**ACTIVITY:** Return the listing below character for character.
-=-=-
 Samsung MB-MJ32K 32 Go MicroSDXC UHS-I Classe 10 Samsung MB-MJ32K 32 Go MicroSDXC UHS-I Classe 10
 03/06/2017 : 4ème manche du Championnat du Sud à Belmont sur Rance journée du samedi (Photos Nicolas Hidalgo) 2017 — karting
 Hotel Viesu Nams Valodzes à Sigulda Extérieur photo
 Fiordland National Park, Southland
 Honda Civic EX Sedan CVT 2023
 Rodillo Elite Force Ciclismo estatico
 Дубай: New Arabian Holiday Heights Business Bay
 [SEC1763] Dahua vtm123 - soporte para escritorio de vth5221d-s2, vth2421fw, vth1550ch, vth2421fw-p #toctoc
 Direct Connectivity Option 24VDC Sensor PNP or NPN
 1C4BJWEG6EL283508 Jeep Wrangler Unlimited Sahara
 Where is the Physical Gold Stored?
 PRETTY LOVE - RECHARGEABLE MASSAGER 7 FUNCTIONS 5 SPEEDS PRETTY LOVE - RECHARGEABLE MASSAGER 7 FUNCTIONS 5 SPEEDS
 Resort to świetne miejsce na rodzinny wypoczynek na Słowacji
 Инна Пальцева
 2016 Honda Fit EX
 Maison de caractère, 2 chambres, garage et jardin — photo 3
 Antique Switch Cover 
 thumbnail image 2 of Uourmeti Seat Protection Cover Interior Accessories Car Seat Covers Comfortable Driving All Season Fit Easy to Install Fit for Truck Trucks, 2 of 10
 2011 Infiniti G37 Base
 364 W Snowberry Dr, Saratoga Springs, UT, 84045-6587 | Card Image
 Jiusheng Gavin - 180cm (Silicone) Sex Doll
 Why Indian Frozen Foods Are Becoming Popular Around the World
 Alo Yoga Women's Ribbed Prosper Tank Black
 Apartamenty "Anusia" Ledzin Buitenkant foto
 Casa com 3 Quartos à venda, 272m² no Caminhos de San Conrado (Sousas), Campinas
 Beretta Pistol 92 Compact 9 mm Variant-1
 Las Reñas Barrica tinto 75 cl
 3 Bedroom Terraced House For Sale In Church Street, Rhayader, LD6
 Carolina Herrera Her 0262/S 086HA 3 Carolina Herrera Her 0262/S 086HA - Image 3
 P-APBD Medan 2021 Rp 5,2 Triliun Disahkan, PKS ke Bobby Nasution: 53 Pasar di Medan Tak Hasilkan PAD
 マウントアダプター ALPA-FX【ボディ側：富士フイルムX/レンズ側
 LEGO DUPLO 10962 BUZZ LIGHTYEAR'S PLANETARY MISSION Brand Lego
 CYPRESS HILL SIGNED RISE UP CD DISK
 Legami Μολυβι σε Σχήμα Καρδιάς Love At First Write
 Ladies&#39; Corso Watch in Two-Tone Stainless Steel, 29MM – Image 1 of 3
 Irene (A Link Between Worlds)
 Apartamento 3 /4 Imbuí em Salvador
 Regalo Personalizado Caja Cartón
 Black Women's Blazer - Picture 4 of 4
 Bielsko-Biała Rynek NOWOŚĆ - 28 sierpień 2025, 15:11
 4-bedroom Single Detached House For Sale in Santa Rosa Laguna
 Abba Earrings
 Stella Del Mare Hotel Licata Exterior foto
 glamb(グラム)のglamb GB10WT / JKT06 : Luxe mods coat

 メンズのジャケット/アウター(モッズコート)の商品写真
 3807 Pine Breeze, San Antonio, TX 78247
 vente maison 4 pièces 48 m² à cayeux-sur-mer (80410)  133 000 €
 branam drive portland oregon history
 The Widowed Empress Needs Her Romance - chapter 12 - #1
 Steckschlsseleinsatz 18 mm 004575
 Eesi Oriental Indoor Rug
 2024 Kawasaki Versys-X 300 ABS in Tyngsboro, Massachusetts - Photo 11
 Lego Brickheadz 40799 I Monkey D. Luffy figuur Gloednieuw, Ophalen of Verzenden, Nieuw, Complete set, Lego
-=-=-
**RESULT:**
 Samsung MB-MJ32K 32 Go MicroSDXC UHS-I Classe 10 Samsung MB-MJ32K 32 Go MicroSDXC UHS-I Classe 10
 03/06/2017 : 4ème manche du Championnat du Sud à Belmont sur Rance journée du samedi (Photos Nicolas Hidalgo) 2017 — karting
 Hotel Viesu Nams Valodzes à Sigulda Extérieur photo
 Fiordland National Park, Southland
 Honda Civic EX Sedan CVT 2023
 Rodillo Elite Force Ciclismo estatico
 Дубай: New Arabian Holiday Heights Business Bay
 [SEC1763] Dahua vtm123 - soporte para escritorio de vth5221d-s2, vth2421fw, vth1550ch, vth2421fw-p #toctoc
 Direct Connectivity Option 24VDC Sensor PNP or NPN
 1C4BJWEG6EL283508 Jeep Wrangler Unlimited Sahara
 Where is the Physical Gold Stored?
 PRETTY LOVE - RECHARGEABLE MASSAGER 7 FUNCTIONS 5 SPEEDS PRETTY LOVE - RECHARGEABLE MASSAGER 7 FUNCTIONS 5 SPEEDS
 Resort to świetne miejsce na rodzinny wypoczynek na Słowacji
 Инна Пальцева
 2016 Honda Fit EX
 Maison de caractère, 2 chambres, garage et jardin — photo 3
 Antique Switch Cover 
 thumbnail image 2 of Uourmeti Seat Protection Cover Interior Accessories Car Seat Covers Comfortable Driving All Season Fit Easy to Install Fit for Truck Trucks, 2 of 10
 2011 Infiniti G37 Base
 364 W Snowberry Dr, Saratoga Springs, UT, 84045-6587 | Card Image
 Jiusheng Gavin - 180cm (Silicone) Sex Doll
 Why Indian Frozen Foods Are Becoming Popular Around the World
 Alo Yoga Women's Ribbed Prosper Tank Black
 Apartamenty "Anusia" Ledzin Buitenkant foto
 Casa com 3 Quartos à venda, 272m² no Caminhos de San Conrado (Sousas), Campinas
 Beretta Pistol 92 Compact 9 mm Variant-1
 Las Reñas Barrica tinto 75 cl
 3 Bedroom Terraced House For Sale In Church Street, Rhayader, LD6
 Carolina Herrera Her 0262/S 086HA 3 Carolina Herrera Her 0262/S 086HA - Image 3
 P-APBD Medan 2021 Rp 5,2 Triliun Disahkan, PKS ke Bobby Nasution: 53 Pasar di Medan Tak Hasilkan PAD
 マウントアダプター ALPA-FX【ボディ側：富士フイルムX/レンズ側
 LEGO DUPLO 10962 BUZZ LIGHTYEAR'S PLANETARY MISSION Brand Lego
 CYPRESS HILL SIGNED RISE UP CD DISK
 Legami Μολυβι σε Σχήμα Καρδιάς Love At First Write
 Ladies&#39; Corso Watch in Two-Tone Stainless Steel, 29MM – Image 1 of 3
 Irene (A Link Between Worlds)
 Apartamento 3 /4 Imbuí em Salvador
 Regalo Personalizado Caja Cartón
 Black Women's Blazer - Picture 4 of 4
 Bielsko-Biała Rynek NOWOŚĆ - 28 sierpień 2025, 15:11
 4-bedroom Single Detached House For Sale in Santa Rosa Laguna
 Abba Earrings
 Stella Del Mare Hotel Licata Exterior foto
 glamb(グラム)のglamb GB10WT / JKT06 : Luxe mods coat

 メンズのジャケット/アウター(モッズコート)の商品写真
 3807 Pine Breeze, San Antonio, TX 78247
 vente maison 4 pièces 48 m² à cayeux-sur-mer (80410)  133 000 €
 branam drive portland oregon history
 The Widowed Empress Needs Her Romance - chapter 12 - #1
 Steckschlsseleinsatz 18 mm 004575
 Eesi Oriental Indoor Rug
 2024 Kawasaki Versys-X 300 ABS in Tyngsboro, Massachusetts - Photo 11
 Lego Brickheadz 40799 I Monkey D. Luffy figuur Gloednieuw, Ophalen of Verzenden, Nieuw, Complete set, Lego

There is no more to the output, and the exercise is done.